Putin e Biden - Sputnik Italia, 1920, 31.12.2021
Chiamata Putin-Biden: secondo il Cremlino servono accordi vincolanti sulla sicurezza
I colloqui sulle garanzie di sicurezza si terranno in tre sedi: tra Russia e Stati Uniti a Ginevra il 10 gennaio, seguiti da una riunione del Consiglio Russia-NATO il 12 gennaio e dalle consultazioni Russia-OSCE il 13 gennaio.

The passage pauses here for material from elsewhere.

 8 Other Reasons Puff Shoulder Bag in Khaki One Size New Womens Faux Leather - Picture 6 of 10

Durante la telefonata di giovedì, il presidente degli Stati Uniti ha sottolineato la responsabilità speciale che Russia e Stati Uniti condividono per garantire la stabilità nel mondo, e ha informato il presidente Putin che Washington terrà consultazioni con i suoi alleati sui colloqui sulla garanzia di sicurezza.
Mosca, intanto, ha sottolineato ancora una volta che la Russia ha bisogno di accordi giuridicamente vincolanti sulle garanzie di sicurezza. L'assistente del presidente russo Yuri Ushakov ha sottolineato che è importante che i prossimi colloqui bilaterali sulla questione non si trasformino in "chiacchiere senza senso".

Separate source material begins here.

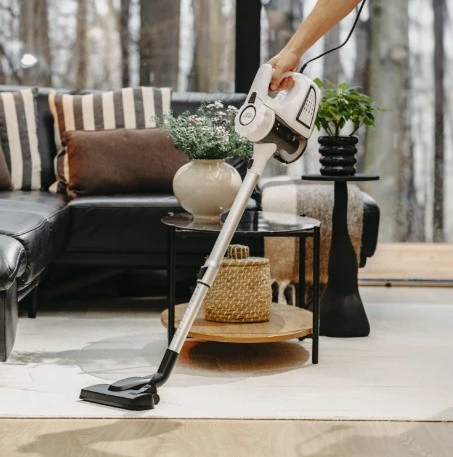 Adler dulkių siurblys | AD 7036 | Virvelinis veikiantis | Rankinis | 800 W | 220-240 V | Veikimo spindulys 6 m | Baltas | Garantija 24 mėn.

"Putin ha delineato in dettaglio i principi di base stabiliti dalla Russia nelle proposte di sicurezza e ha sottolineato che cercheremo di garantire la sicurezza della Russia. In linea di principio, il presidente degli Stati Uniti ha concordato con questo punto di vista", ha detto Ushakov, aggiungendo: "Biden ha chiaramente affermato che gli Stati Uniti non intendono schierare armi offensive in Ucraina. E Putin ha notato che questo è uno dei punti chiave per noi".
La chiamata, la seconda questo mese, è stata organizzata su richiesta del presidente Putin. Il capo di stato russo ha ripetutamente sottolineato che la nazione russa ha bisogno di solide garanzie da parte degli Stati Uniti e della NATO che l'alleanza non si espanderà a est e l'Ucraina non diventerà un membro del blocco, che ha descritto come una "linea rossa" per Mosca.

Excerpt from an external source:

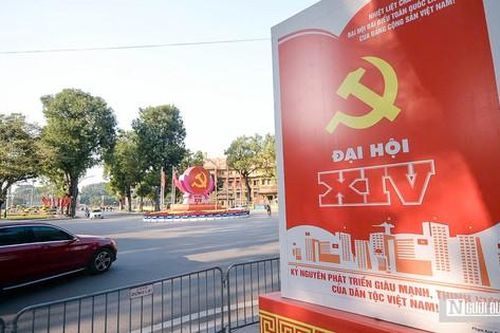 Hà Nội trang hoàng rực rỡ chào đón Đại hội lần thứ XIV của Đảng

"Le nostre azioni dipenderanno dalle garanzie incondizionate date alla sicurezza nazionale russa, piuttosto che dal corso dei negoziati [sulle garanzie di sicurezza]. Abbiamo chiarito che l'espansione della NATO a est è inaccettabile. Gli Stati Uniti sono alle nostre porte con i loro missili. Come reagirebbero gli americani se dovessimo schierare i nostri missili al confine degli Stati Uniti con il Canada o il Messico?", aveva chiesto Putin durante la conferenza stampa annuale la scorsa settimana.

Cosa propone la Russia?

A metà dicembre, il ministero degli Esteri russo ha presentato due progetti completi di accordi sulle garanzie di sicurezza tra Russia, Stati Uniti e NATO.
"Le Parti risolvano tutte le controversie internazionali nelle loro reciproche relazioni con mezzi pacifici e si astengano dall'uso o dalla minaccia della forza in qualsiasi modo incompatibile con gli scopi delle Nazioni Unite", si legge in una delle proposte.
Secondo la bozza di proposta, la Russia e la NATO "eserciteranno moderazione nella pianificazione militare e nello svolgimento di esercitazioni per ridurre i rischi di eventuali situazioni pericolose in conformità con i loro obblighi ai sensi del diritto internazionale, compresi quelli stabiliti negli accordi intergovernativi sulla prevenzione di incidenti in mare al di fuori di acque territoriali e nello spazio aereo sovrastante, nonché negli accordi intergovernativi sulla prevenzione delle attività militari pericolose”.